What Will Obama’s Legacy Be?
March 7, 2013 3 Comments
Ryan Lizza of the New Yorker has an interesting piece about the powerless President Obama. The President last week complained that he doesn’t have a secret formula to force Boehner and the Republicans to see he’s right. This despite the fact that Obama is convinced all reasonable people see things his way. Lizza notes that Obama is one of the few President’s to publicly whine about their power limits. Lizza’s thesis is that in order for a President to be truly successful, he needs to have his party in control of Congress. Otherwise the government is divided and divided government leads to a weak President.
In some respects Lizza is right. Obama has become increasingly powerless against a united Republican opposition. He couldn’t work out a sequestration deal and odds are he’s going to have a hard time getting much of anything passed in the next couple years. The administration has so much as admitted they’re campaigning for 2014, hoping to win back a Democrat House majority. What we’re likely to see in 2013 and 2014 is an administration talking about building bridges with the GOP while refusing to actually sit down and negotiate any deals. When negotiation does take place, Obama will refuse a deal and try to paint the GOP as extreme. It’s all a rouse, he wants no deal because no deal aids the Democrats midterm election arguments.

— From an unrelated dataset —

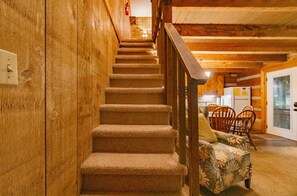 Stairs lead to a dining area with a table and seating for communal meals.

Lizza’s argument fails because there are two President’s in recent memory who worked with opposition Congress’s and got part of their agenda passed. Reagan worked with a full Democrat Congress for six years and a Democrat House for eight. He negotiated with Congress. He won tax cuts and military spending increases, he gave up cuts to social programs in exchange. Clinton worked with a Republican majority for six years, he won a welfare reform battle where he co-opted the issue winning the reform plan he wanted. In both cases the President worked with and negotiated with Congress. They didn’t get everything they wanted but they got something done.
Obama was elected in 2008 claiming to be post-partisan. In his first week in office he declared that he had won and refused to listen to Republicans concerning the Stimulus bill. He set the tone for his Presidency, he likely had no clue the GOP would win the House in 2010. It’s very en vogue to blame gridlock in Washington on extreme partisanship.The reality is that Democrats and Republicans have been at each others throats in DC for 150 years. There was plenty of partisan rancor when Reagan and Clinton were in the White House. Recall Clinton was impeached while Reagan was subjected to Iran-Contra hearings.

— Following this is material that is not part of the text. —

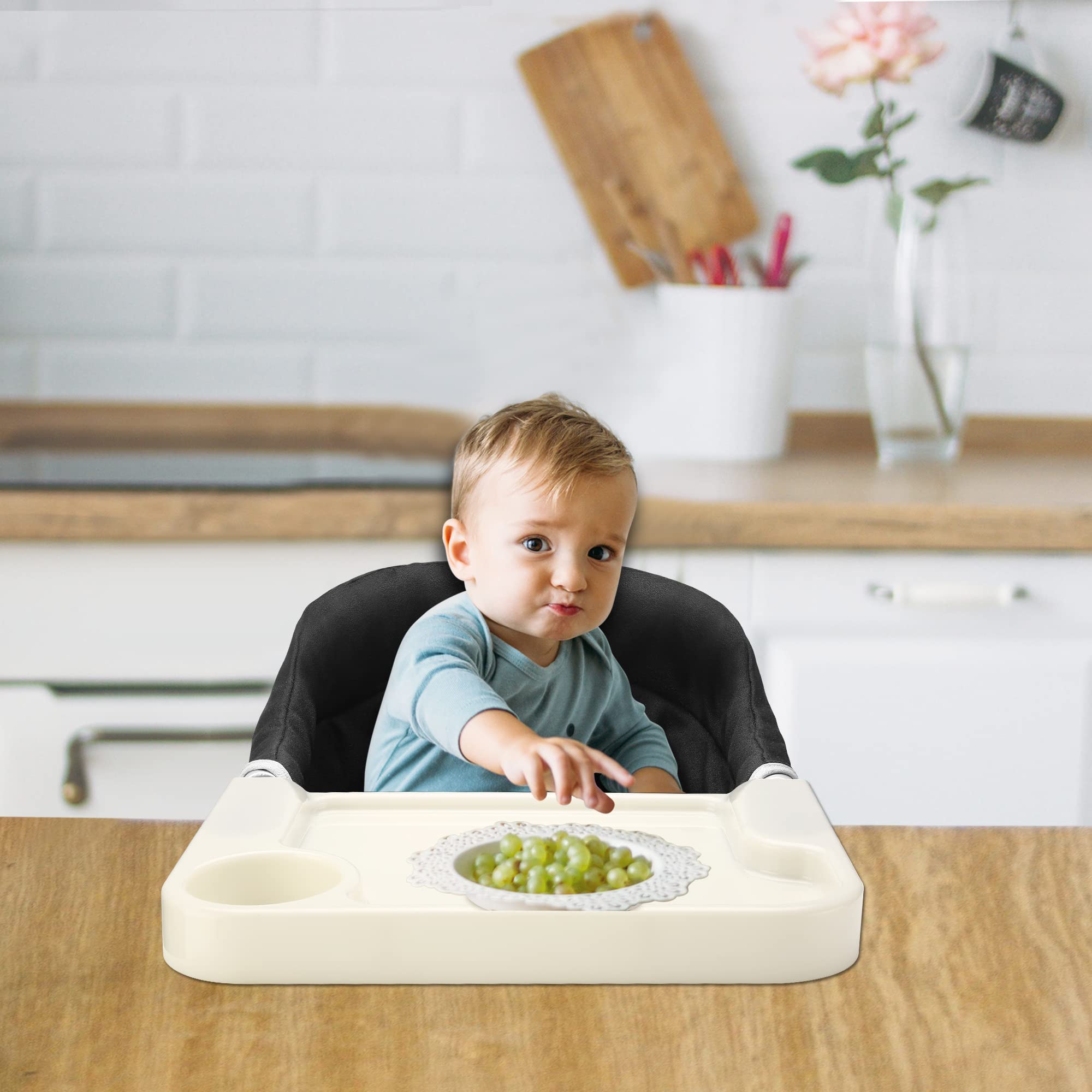 Toogel portable baby chair in use at home or cafe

Yet Reagan and Clinton were able to work with an opposition Congress and Obama has not been able to. The media won’t ever put the blame on Obama, they wonder why he can’t just lock them in a room and force Congress to negotiate. However blame certainly can be laid at the steps of the White House. This is a President who spent two years shutting the GOP out, now he wants something from them. That isn’t how it works in politics. You never shut out the opposition, you never get so arrogant as to think you or your party will never lose. A good President understand that he never knows what the future will bring and it’s best to keep as many political doors open as possible.
Obama expects everyone to cater to him because he’s the President. From day one he’s had a very elementary school view of the Presidency. He won’t work with Republicans because Republicans won’t give in to his every demand. When he gets Republicans to agree to something, he suddenly wants more like he did during the 2011 debt ceiling negotiation that gave us sequestration. Obama wants it all, he is unwilling to seriously negotiate. That’s on him, it isn’t on a suddenly united GOP front. When and if the Democrats fail to retake the House next year, the majority of Obama’s Presidency will have been spent on minor squabbles with the House. That will this President’s legacy. If that comes true, it will be on the President alone. The buck stops at the Oval Office.
What will Obama’s legacy be? Failure of leadership. In a word, debt, debt and more debt! In 2013, our national debt will blow past the 17 trillion dollar mark and start heading toward 18 trillion dollars. Government spending on itself has far exceeded the ability of the citizens to pay for its profligate expenditures. America is in big trouble. Its economy is headed for disaster. The deficit is accelerating not decelerating. This was the change Americans twice voted for.
At best Obama will leave a mixed legacy. He’ll always be the first balck president. But his legislative successes have been limited. For a generation he will be untouchable for historians in liberal academia. But eventually they will have to look at his record. If things continue as they are now his record won’t be great.
I wouldn’t disagree with your assessment of Obama and his legacy. He seems to think the only way for him to “lead” is to get everything he wants and for everyone to recognize that he “won the election”.